Aim of the exercise —
With pictures omitted, the line containing "Hornisse-Fängt" and all later lines of the records below are to be restated word for word.

[Stored dataset items]
[Start of section]

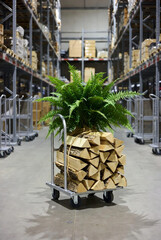 Industrial Greenery: Lush Fern and Stacked Firewood on a Logistics Trolley in a Warehouse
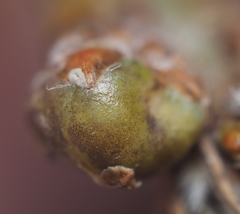 Neuroterus vesicula
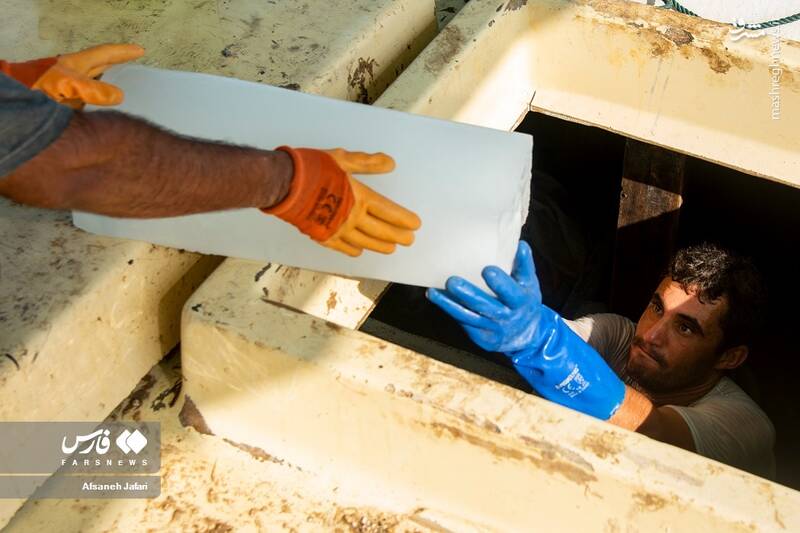 عکس/ فصل صید میگو در بوشهر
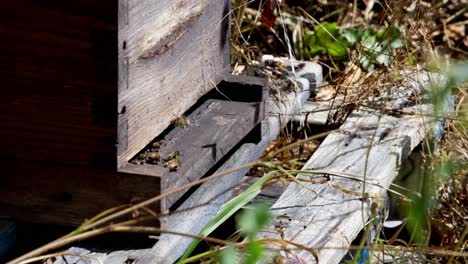 Hornisse-Fängt-Bienen-In-Nahaufnahme-In-Der-Nähe-Eines-Bienenstocks,-Zeitlupe,-Aggressive-Hornisse,-Frankreich,-Dordogne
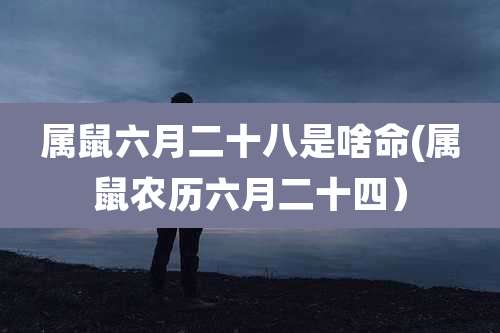 属鼠六月二十八是啥命(属鼠农历六月二十四)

[End of section]

Task response —
 Hornisse-Fängt-Bienen-In-Nahaufnahme-In-Der-Nähe-Eines-Bienenstocks,-Zeitlupe,-Aggressive-Hornisse,-Frankreich,-Dordogne
 属鼠六月二十八是啥命(属鼠农历六月二十四)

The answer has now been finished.